Ancak, bu kadar geniş bir etki alanına sahip olan şirketler, bu değeri nasıl yaratıyor ve gelecekte nasıl sürdürecek? İşte tam burada, sağlam kurumsal yönetim ve sürdürülebilirlik devreye giriyor. İyi bir kurumsal yönetim, şirketlerin adil, şeffaf, hesap verebilir, sorumlu ve sürdürülebilir bir şekilde yönetilmesini sağlamayı amaçlar. Bu, etik standartlara uymak, paydaşlarına karşı sorumluluklarını yerine getirmek ve sürdürülebilirliği iş süreçlerine entegre etmek anlamına gelir.
1990-2000’li yıllardaki büyük şirket skandallarıyla birlikte, iyi kurumsal yönetim uygulamaları önem kazandı. Bugün, büyümek, gelişmek ve uluslararası yatırımcıları çekmek isteyen şirketler için olmazsa olmaz haline geldi. Türkiye’deki şirketler, özellikle BIST100 şirketleri, kurumsal yönetim konusunda büyük bir titizlikle hareket ediyor ve sürdürülebilirlik alanında da önemli adımlar atıyorlar. Ancak, iş dünyasındaki hızlı değişim ve paydaşların artan beklentileri göz önüne alındığında, tam anlamıyla entegre, şeffaf ve hesap verebilir bir yapıya ulaşmak için daha uzun bir yol kat edilmesi gerekiyor. Bu noktada, geleceğe yönelik hazırlıkların ne denli önemli olduğu aşikâr.

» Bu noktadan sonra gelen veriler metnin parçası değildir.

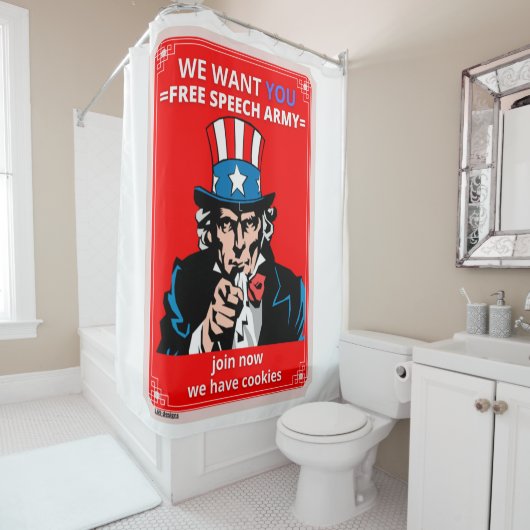 Duschvorhang "UNCLE SAM" (Beispiel)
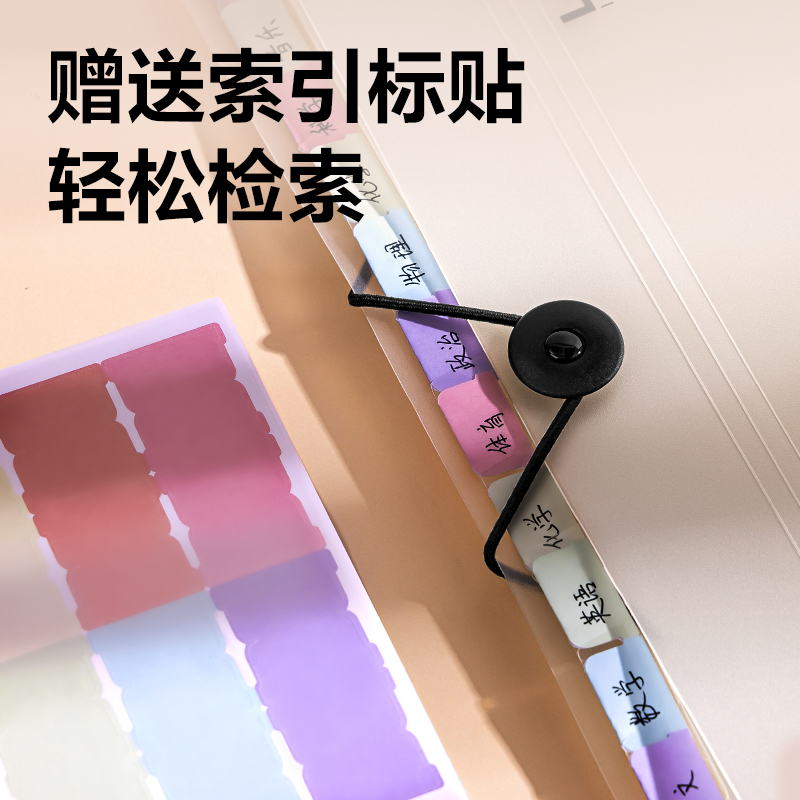 得力PM310-13線上爆款13格便攜風(fēng)琴包(透明)個(gè))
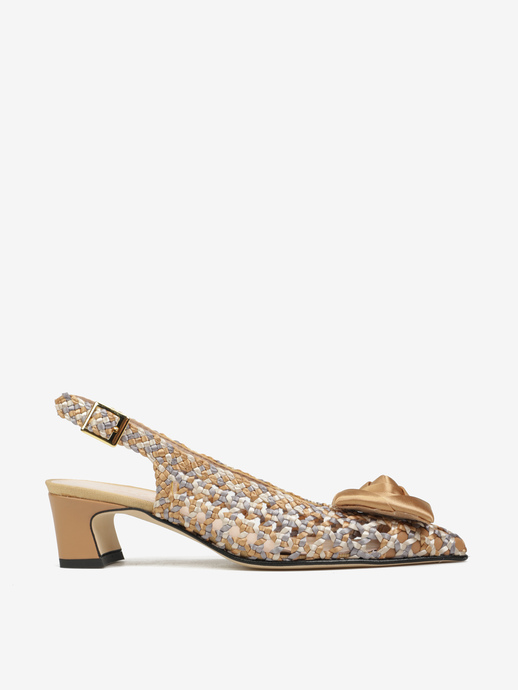 CZÓŁENKA HEGO'S Milano 2068 INTRECCIO MULTI ORO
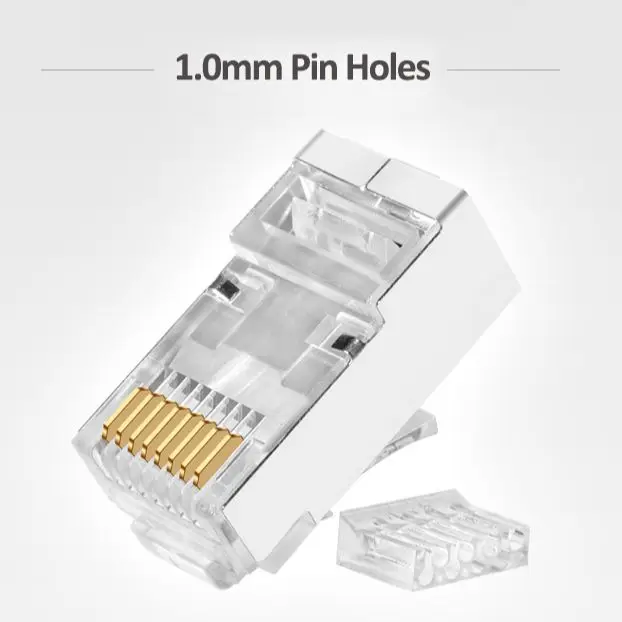 Gigabit RJ45 8P8C Cat6 Modular Plugs Cable Male Connector 1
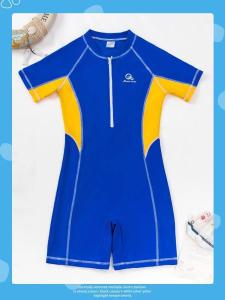 Wholesale Printing Boys Swimwear Sets One Piece Boy Swimsuit Splicing Hot Spring Zipper from china suppliers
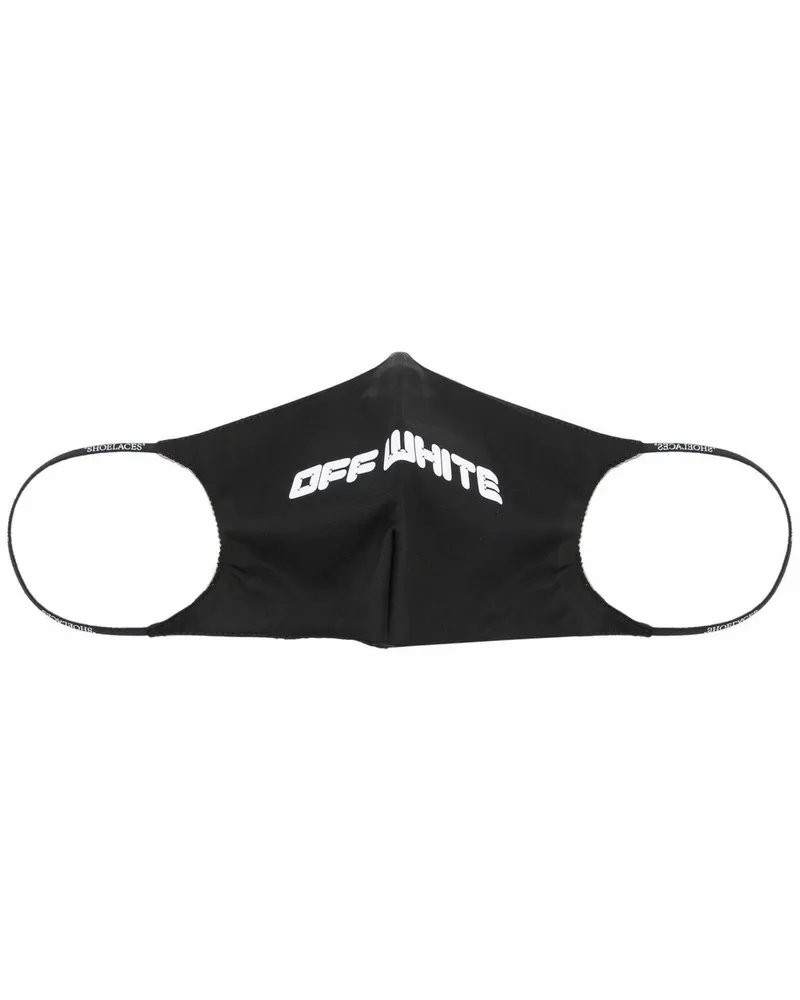 OFF-WHITE Maske mit Logo - Schwarz Schwarz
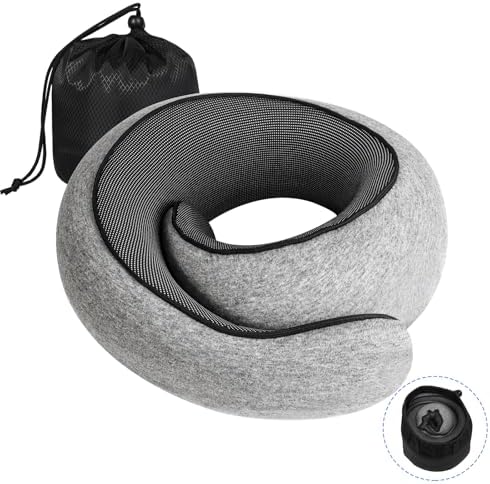 Sweet Cute Chocolate Travel Pillow with 360 Support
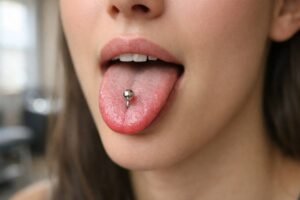 The Classic Center Tongue Piercing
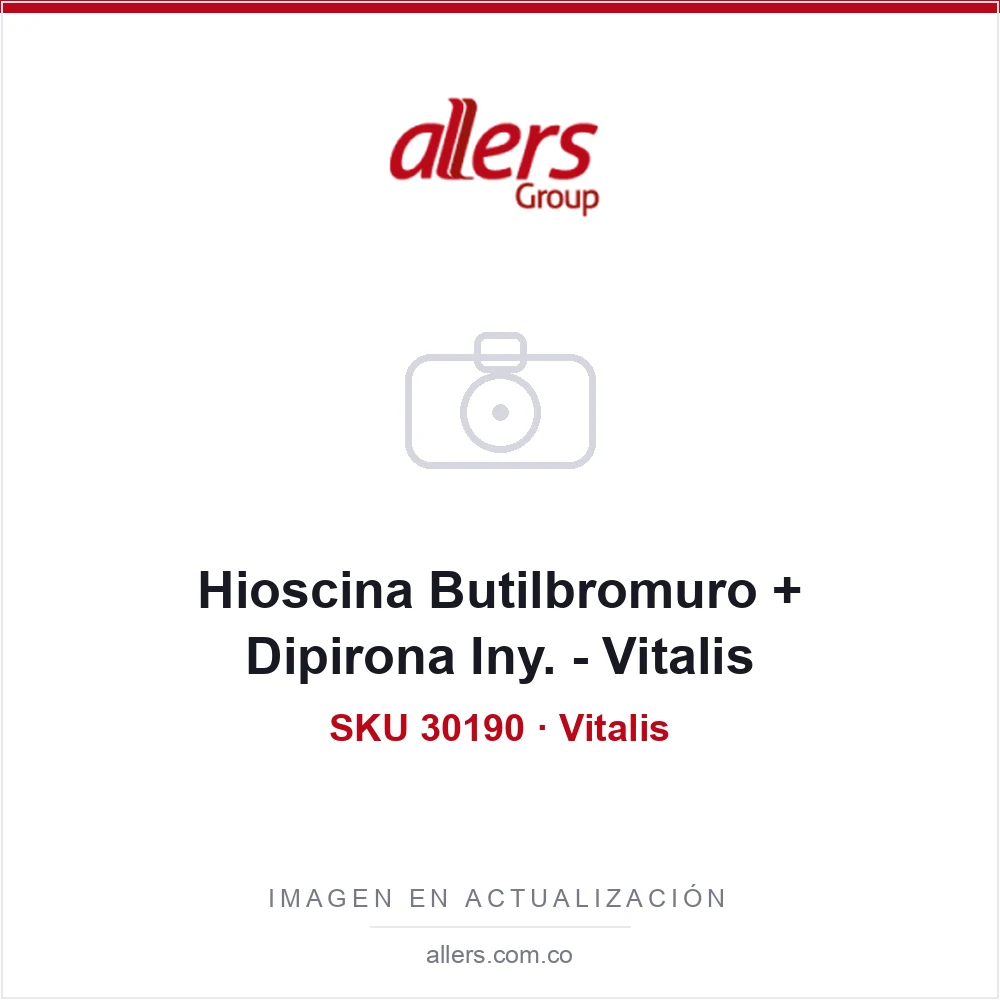 Hioscina Butilbromuro + Dipirona Iny. - Vitalis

Şirketlerin kurumsal yönetim ve sürdürülebilirlik uygulamaları ne kadar geleceğe hazır? Diğer bir değişle değişen ve gelişen iş dünyasında ne kadar esnek, dayanıklı ve değişime açığız?
Kurumsal Yönetim ve Sürdürülebilirlik Entegrasyonu: “Stratejinin Sürdürülebilirliği”
Şimdi gelin, kurumsal yönetim ve sürdürülebilirlik kavramlarını bir adım daha ileri taşıyalım: “Sürdürülebilir Yönetişim”
Sürdürülebilir yönetişim, yalnızca çevresel faktörleri değil, aynı zamanda sosyal ve yönetişim (ESG) boyutlarını da içeriyor ve hızla şirketlerin sadece raporlama ve pozitif PR amacı gütmediği, iş stratejilerinin ve günlük uygulamalarının merkezine yerleştirilmesi gereken bir konu haline geliyor.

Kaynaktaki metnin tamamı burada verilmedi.